En effet, Netanyahu a tellement confiance qu’il continuera à être perçu comme un fin gestionnaire de la crise. Les deux derniers jours de pourparlers mardi et mercredi ont également éloigné ces questions d’ordre politique, pour des questions plus pointilleuses – notamment concernant son statut juridique dans 18 mois, quand il ne sera plus Premier ministre.

En vertu de décisions de justice des années 1990, les ministres visés par un acte d’accusation doivent démissionner. Ce n’est pas le cas d’un Premier ministre, contraint à démissionner seulement après sa condamnation définitive. Que se passerait-il lorsque Netanyahu quitterait son poste de Premier ministre pour le remettre à Gantz ? Le tribunal estimerait-il que son nouveau titre de « Premier ministre suppléant » lui conférerait les protections d’un Premier ministre, ou l’estimerait-il davantage comme un ministre du Cabinet contraint à démissionner ?

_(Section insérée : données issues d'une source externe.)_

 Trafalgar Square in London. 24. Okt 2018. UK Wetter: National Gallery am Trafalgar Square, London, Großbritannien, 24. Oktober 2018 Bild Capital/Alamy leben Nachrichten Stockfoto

Ces derniers jours, Netanyahu a commencé à proposer des modifications aux lois fondamentales d’Israël afin de garantir qu’il soit protégé des procédures de corruption pendant la durée de son mandat et celui de Gantz.

Dans un sens, il s’agit là de l’essence de l’accord de Gantz avec Netanyahu depuis le début : accorder à Netanyahu l’immunité contre les poursuites en échange de postes ministériels et d’une influence démesurée sur les principales décisions politiques du prochain gouvernement. Mais Gantz veut toujours éviter de passer pour celui qui protège Netanyahu, même s’il estime que ce serait un prix à payer pour protéger la Cour suprême et le système judiciaire d’une série de réformes conservatrices.

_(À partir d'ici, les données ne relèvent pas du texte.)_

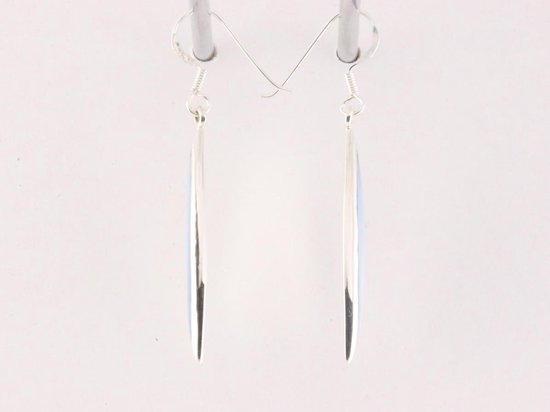Lange fijne zilveren oorbellen met lichtblauwe schelp afbeelding 2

La présidente de la Cour suprême, Esther Hayut (au centre), arrive pour une audience préliminaire sur la question de savoir si un député faisant l’objet d’une inculpation pénale peut être appelé à former une coalition, le 31 décembre 2019. (Crédit : Yonatan Sindel/Flash90)

C’est sur cette question que les deux parties se trouvaient toujours en désaccord mercredi à minuit, refusant délibérément de demander une prolongation à Rivlin. Le message de chacun était clair : nous pouvons nous permettre de laisser le temps s’écouler. Le pouvez-vous ?

Et alors que l’horloge sonnait minuit, aucun n’a mentionné la pandémie.